TL;DR
How do you test a value object in isolation from its dependencies without stubbing or injecting them?
In Misko Hevery\'s blog post T
Your scenario can also be applied to entities. There are cases where an entity requires some dependency in order to perform some behaviour. As far as I can tell the most popular mechanism to use is double-dispatch.
I'll use C# for my examples.
In your case you could have something like this:
public void Validate(IQuantityValidator validator)
As other answers have noted a value object is typically simple enough to perform its invariant checking in the constructor. An e-mail value object would be a good example as an e-mail has a very specific structure.
Something a bit more complex could be an OrderLine
where we need to determine, totally hypothetical, whether it is, say, taxable:
public bool IsTaxable(ITaxableService service)
In the article you reference I would assert that the 'newable' relates quite a bit to the 'transient' type of life cycle that we find in DI containers as we are interested in specific instances. However, when we need to inject specific values the transient business does not really help. This is the case for entities where each is a new instance but has very different state. A repository would hydrate the object but it could just as well use a factory.
The 'true' dependencies typically have a 'singleton' life-cycle.

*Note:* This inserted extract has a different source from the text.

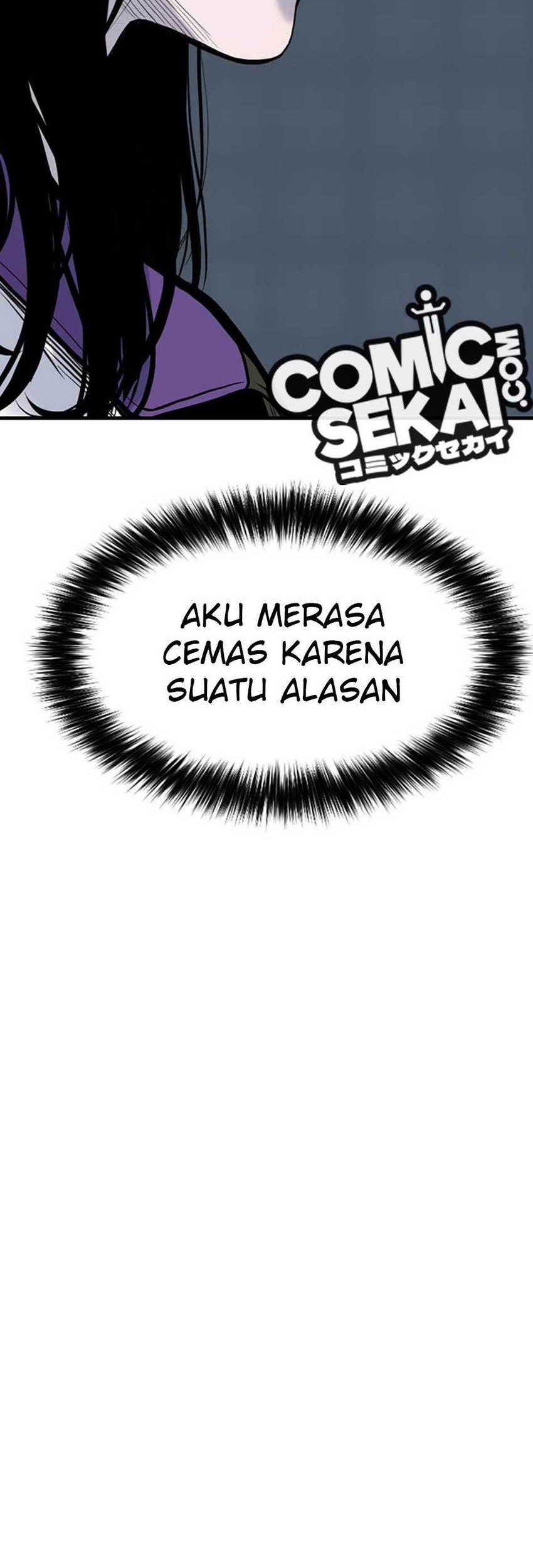 Switch Bab 77 halaman 94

So for the 'newable' instances a factory could be used if you would like to perform validation upon construction by having the factory call the relevant validation method on your value object using the injected validator dependency as Mark Seemann has mentioned.
This gives you the freedom to still test in isolation without coupling to a specific implementation in your constructor.
Just a slightly different angle on what has already been answered. Hope it helps :)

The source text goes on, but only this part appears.